### EXERCISE INSTRUCTIONS
Only an exact repeat of the listing, without its images, counts as the answer.

===== MATERIAL PROVIDED

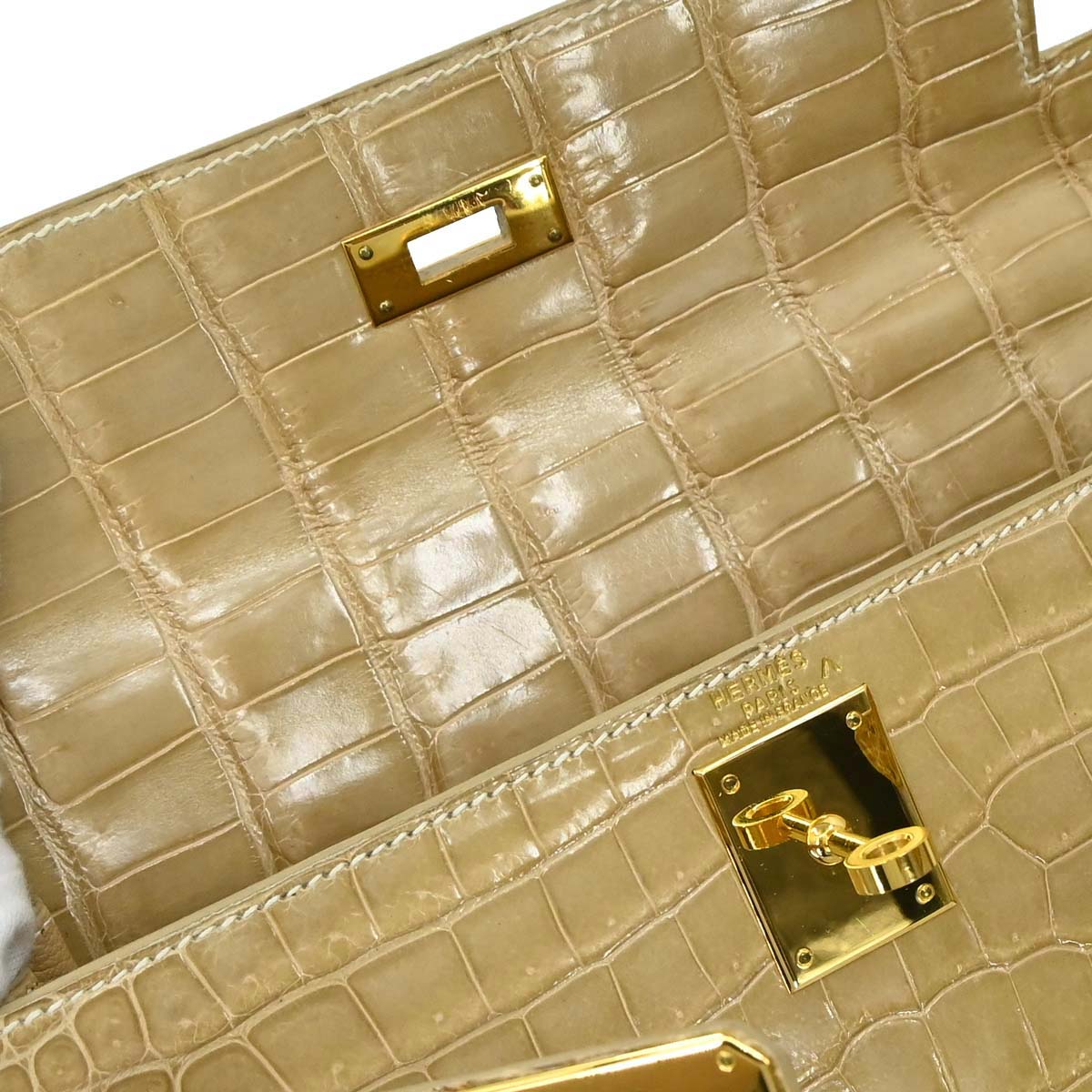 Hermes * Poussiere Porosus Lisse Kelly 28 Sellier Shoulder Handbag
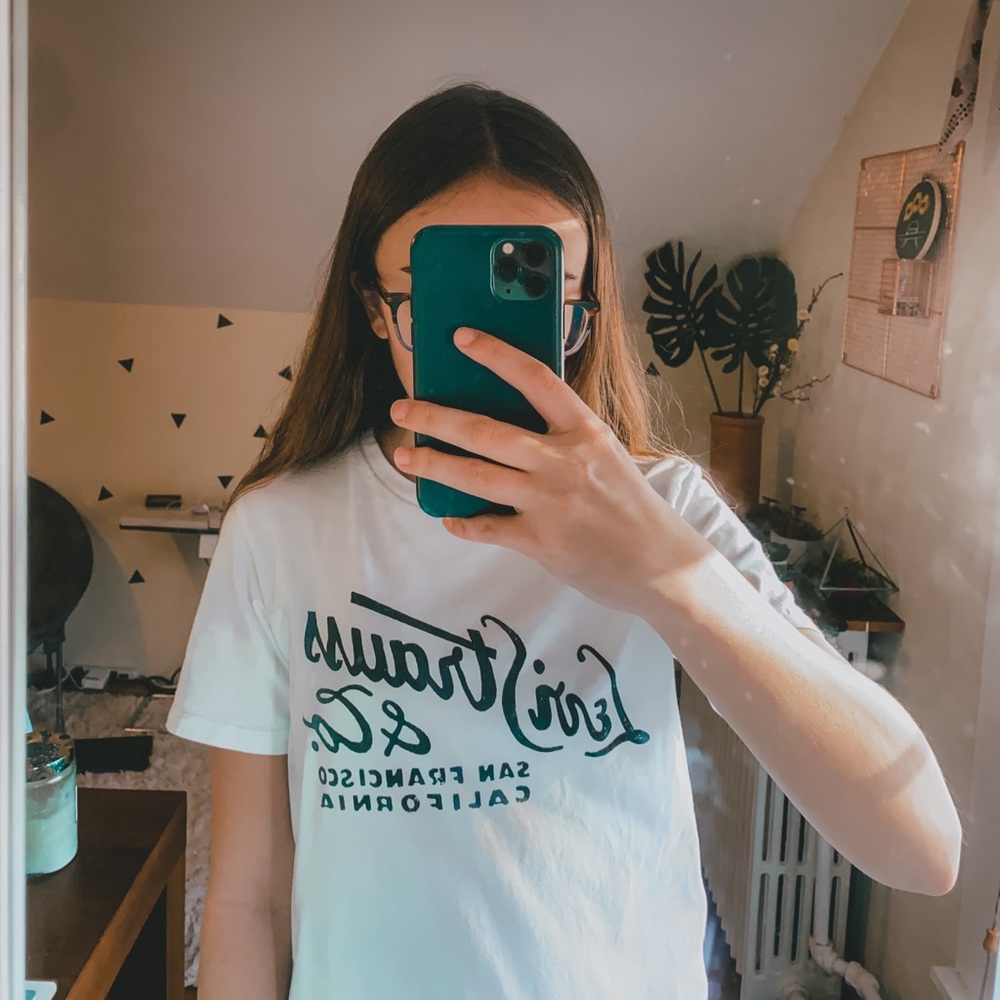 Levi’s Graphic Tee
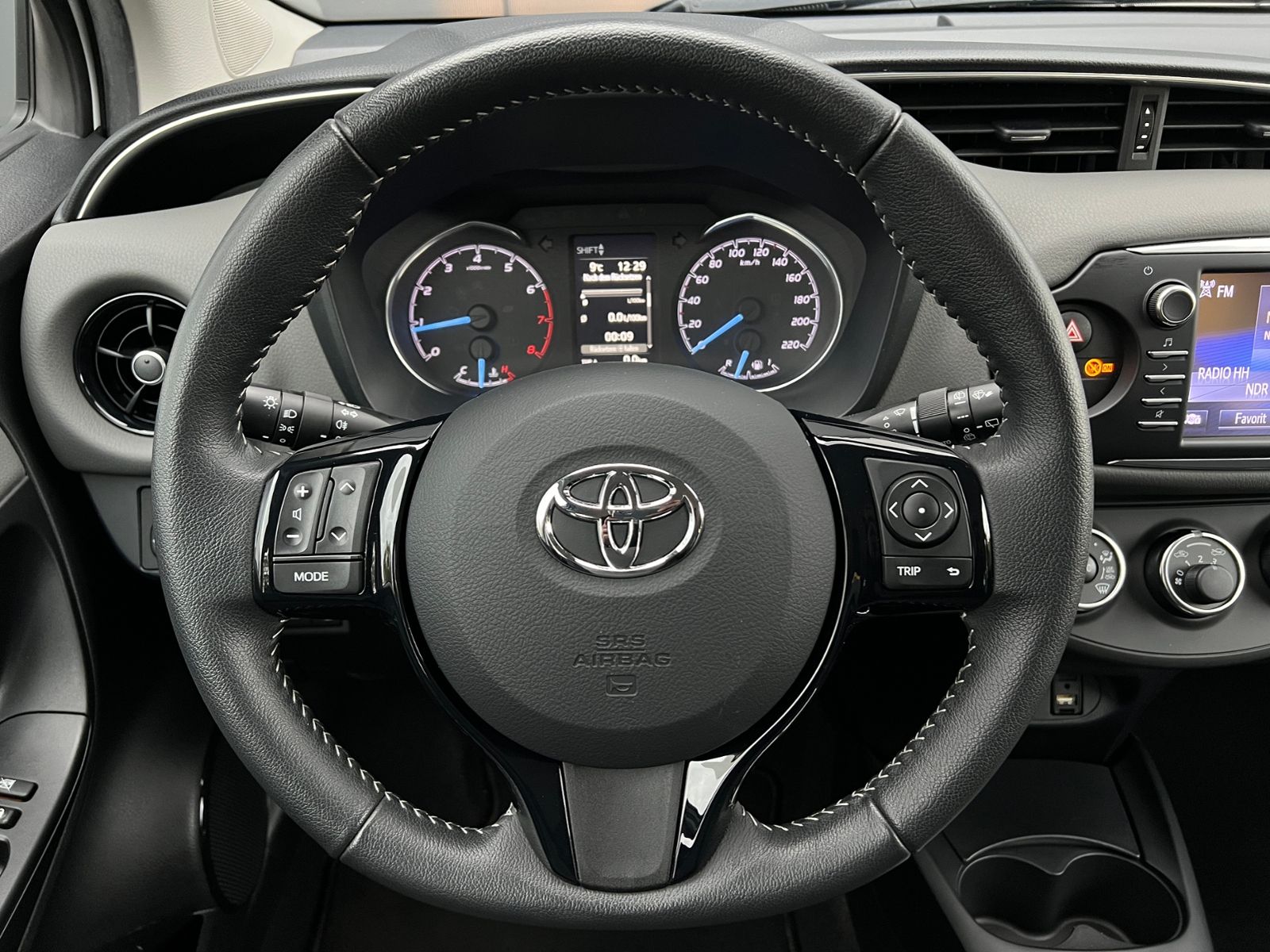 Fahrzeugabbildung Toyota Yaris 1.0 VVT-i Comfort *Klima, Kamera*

==========

### OUTPUT
 Hermes * Poussiere Porosus Lisse Kelly 28 Sellier Shoulder Handbag
 Levi’s Graphic Tee
 Fahrzeugabbildung Toyota Yaris 1.0 VVT-i Comfort *Klima, Kamera*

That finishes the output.